EXERCISE DETAILS >> Give the records again word for word. Leave every picture out.

- - -

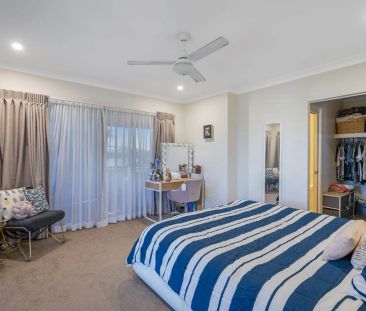 Charming Riverside Home - Photo 3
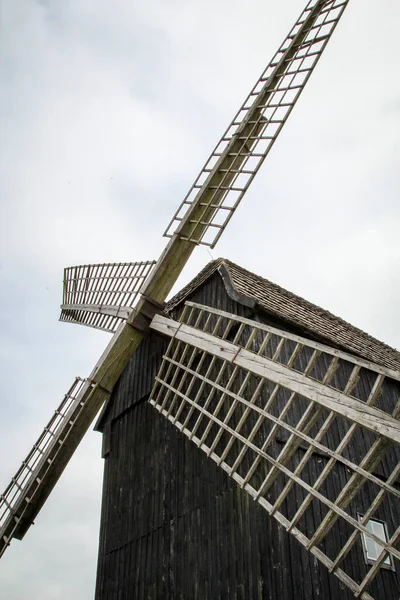 Old Wooden Gully Windmill Meadow — Stock Photo, Image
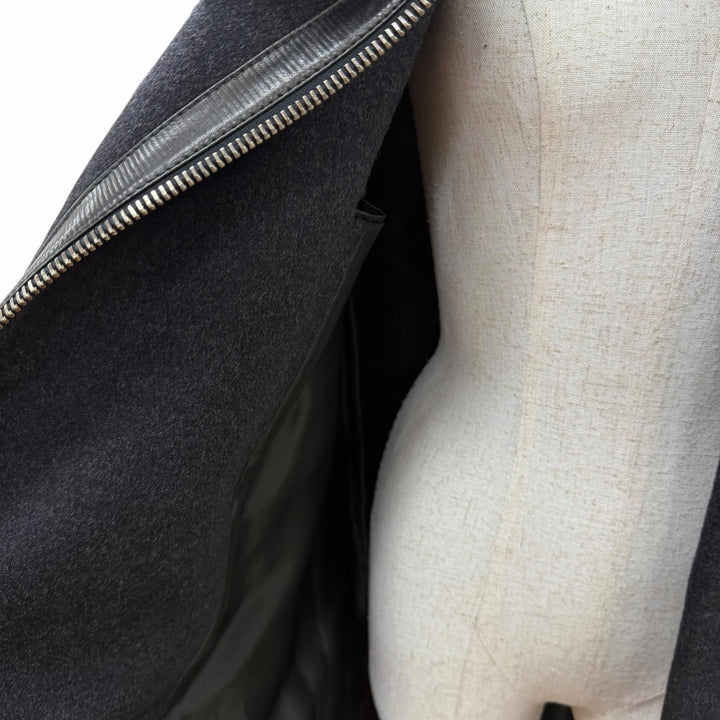 Great GUCCI coat Tom Ford era, leather detail, zip-up long jacket Dark gray 42
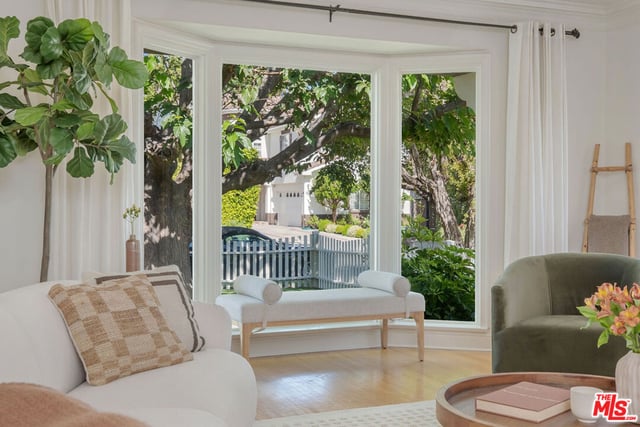 4712 Burnet Avenue, Los Angeles, CA 91403 — photo 4 of 32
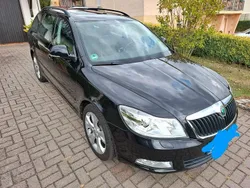 Schwarz Gebraucht 2013 Skoda Octavia Elegance Kombi | 7.200 € (Guter Preis)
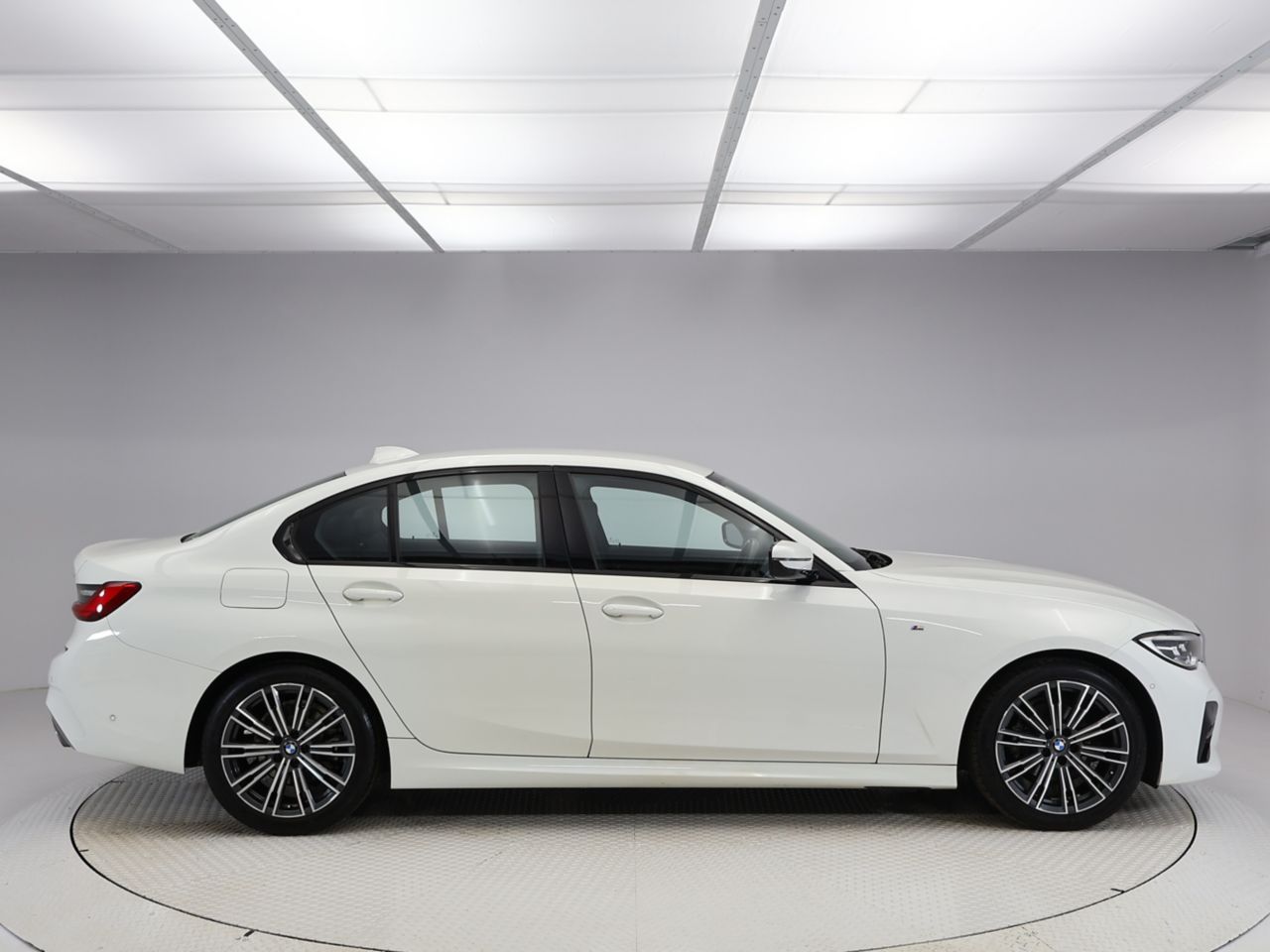 318i Berline RHD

- - -

ANSWER FOR THE TASK >>
 Charming Riverside Home - Photo 3
 Old Wooden Gully Windmill Meadow — Stock Photo, Image
 Great GUCCI coat Tom Ford era, leather detail, zip-up long jacket Dark gray 42
 4712 Burnet Avenue, Los Angeles, CA 91403 — photo 4 of 32
 Schwarz Gebraucht 2013 Skoda Octavia Elegance Kombi | 7.200 € (Guter Preis)
 318i Berline RHD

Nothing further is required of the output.